Powiem tak, mój zachwyt, wspomnienia, którymi się dzielę ze studentami i pracownikami Uczelni niech będą moją rekomendacją i zachętą dla innych do korzystania z Programu Erasmus +. Przyznam się, że do chwili wyjazdu sama byłam sceptycznie nastawiona do tego typu wyjazdów. Teraz już wiem, że wynika to z lęku i braku wiedzy na temat zalet tego Programu. Dzięki naszej Uczelni i osobom odpowiedzialnym za Program przełamałam swój lęk. Reasumując polecam ten Program wszystkim naszym studentom i pracownikom

Czy wyjechałaby Pani po raz kolejny, gdyby była taka możliwość?

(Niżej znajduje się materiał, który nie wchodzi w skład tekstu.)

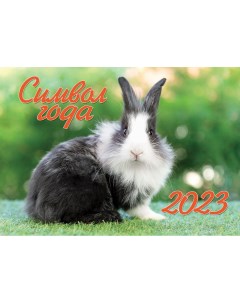 Календарь настенный Символ года 1 Кролик Маркет на 2023 год 305672 Nd play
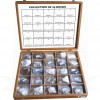 VKSI Collection of 25 Rocks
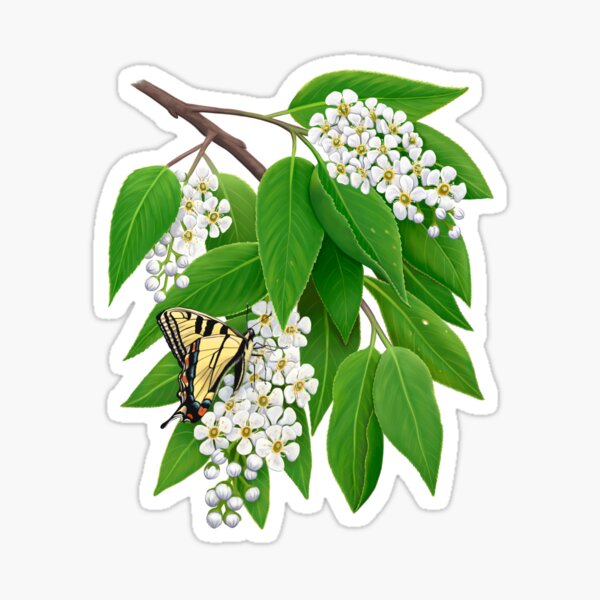 Swallowtail Butterfly on Cherry Blossoms Sticker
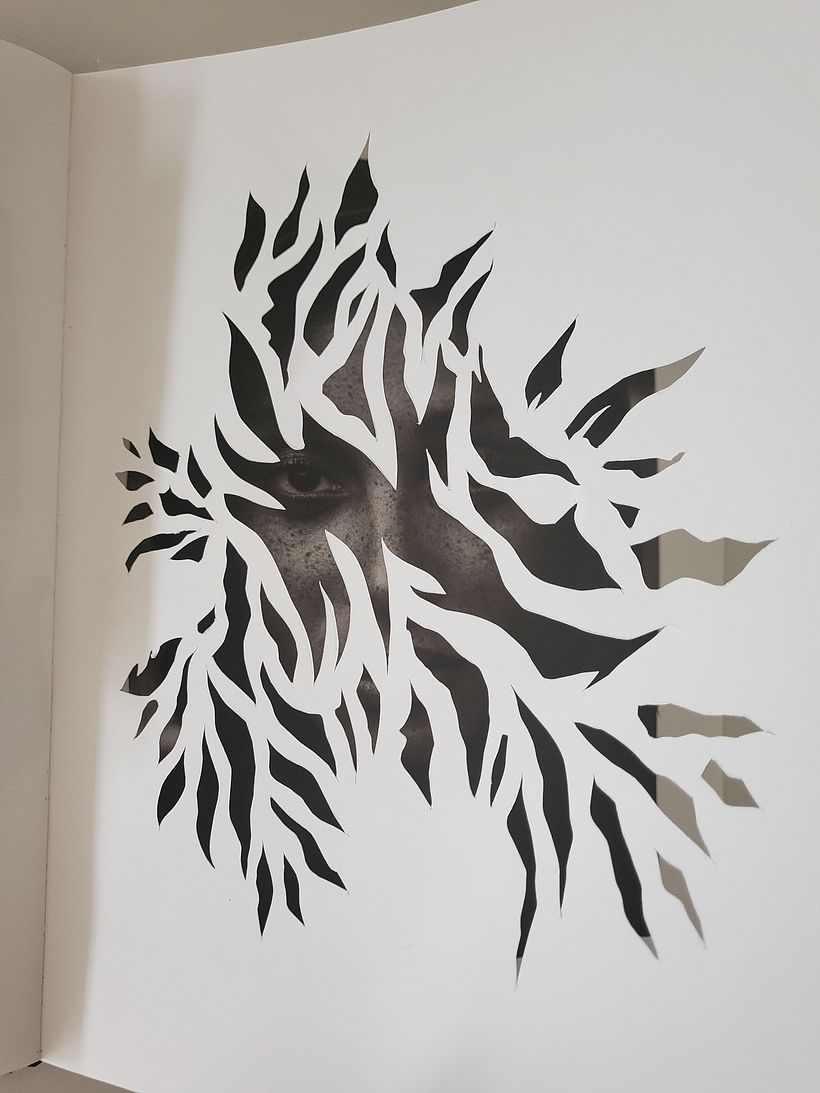 Inside a Creative Notebook : The Shadows Queen 11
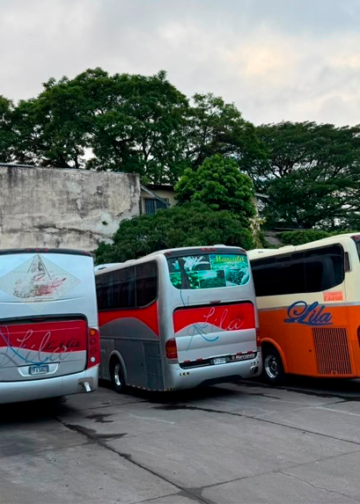 Transportistas hondureños advierten sobre paro nacional por aumento de extorsiones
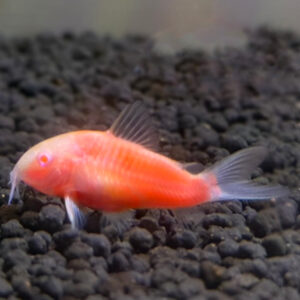 Moonrise Pink Corydora (Glo-Fish)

Wyjechałabym choćby jutro, ale wiem, że inni również chcą skorzystać z tego Programu, więc ustawie się w nowej kolejce.

Czy wyjazd do uczelni partnerskiej sprostał Pani oczekiwaniom?

Wyjazd ten sprostał wszystkim moim oczekiwaniom, a nawet zaoferował więcej niż były moje najśmielsze oczekiwania i wyobrażenia.

Jakie są Pani rady dla osób wyjeżdżających w ramach Programu Erasmus+?

Pierwsza rada to podjąć decyzję, a reszta potoczy się sama. Formalności załatwi Uczelnia, a nam pozostanie ubezpieczyć się, załatwić EKUZ i spakować walizkę w zależności od klimatu i pogody w państwie, do którego wyjeżdżamy. Ja miałam sprawę ułatwioną z pakowaniem walizki z racji pogody w Hiszpanii, więc skupiłam się na zabraniu dobrej książki na podróż Przydaje się jeszcze znajomość języka angielskiego lub języka jakim posługują się mieszkańcy tego kraju.  Jeśli ktoś nie zna perfekcyjnie języka, proszę się nie martwić wyjazd jest po to, aby tych umiejętności nabyć.